Food For Thought

Can North Korean leader Kim Jong Il's regime be trusted with food aid?
Parameswaran Ponnudurai
2011.03.11
Malnourished children in North Korea's North Hamgyong Province, June 20, 2008.
AFP

The international community is in a dilemma over whether to provide food aid to North Korea, which has taken the unusual step of begging for help even from such poor countries as Zimbabwe.

But the hardline communist state remains defiant in not wanting to give up its illicit nuclear arms.

It also refuses to apologize for a deadly artillery attack on South Korea and a blamed torpedo attack on a South Korean warship that left 46 sailors dead.

International experts who did a rare study of the food situation in the reclusive country said they found evidence of food shortages and alarming malnutrition, including people foraging for wild grasses and herbs.

The team of five aid agencies which conducted the research last month recommended that North Korea be considered for emergency food assistance targeting children, pregnant and lactating women, and other vulnerable groups.

But can North Korean leader Kim Jong Il's regime be trusted with food aid, which in the past was diverted to the military, redistributed as gifts for elites, or resold at steep profits to vendors in the country's markets?

Grain of salt

Some analysts caution that reports about North Korea's hunger threats should be taken with a grain of salt.

"Such reports appear every year, and so far, every such alarm has been eventually proven to be false," said Andrei Lankov, a Russian expert on North Korea teaching at Kookmin University in Seoul.

He said groups involved in providing humanitarian assistance regularly send such messages about the threat of hunger because "in the current uneasy international situation, alarmism helps to get more aid."

Lankov agreed that the food situation in North Korea has deteriorated in the past two to three months but cautioned that "the annual outbursts of alarmist reporting about the looming food crisis should be taken with a pinch of salt."

North Korea has relied on outside help to feed its 24 million people since natural disasters and mismanagement devastated its economy in the 1990s, when hundreds of thousands died in a famine.

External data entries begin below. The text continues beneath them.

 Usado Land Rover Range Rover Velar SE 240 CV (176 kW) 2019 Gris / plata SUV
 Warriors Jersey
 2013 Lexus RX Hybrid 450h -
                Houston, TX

Officials from the U.N.'s World Food Program and Food and Agriculture Organization are in North Korea to assess the food situation. They are expected to brief diplomats and international agencies in Pyongyang at the weekend.

After a survey of 45 North Korean sites, U.S. aid agencies said that they saw "evidence of malnutrition, food shortages" among families that depend on the public food distribution system.

Shortage to worsen?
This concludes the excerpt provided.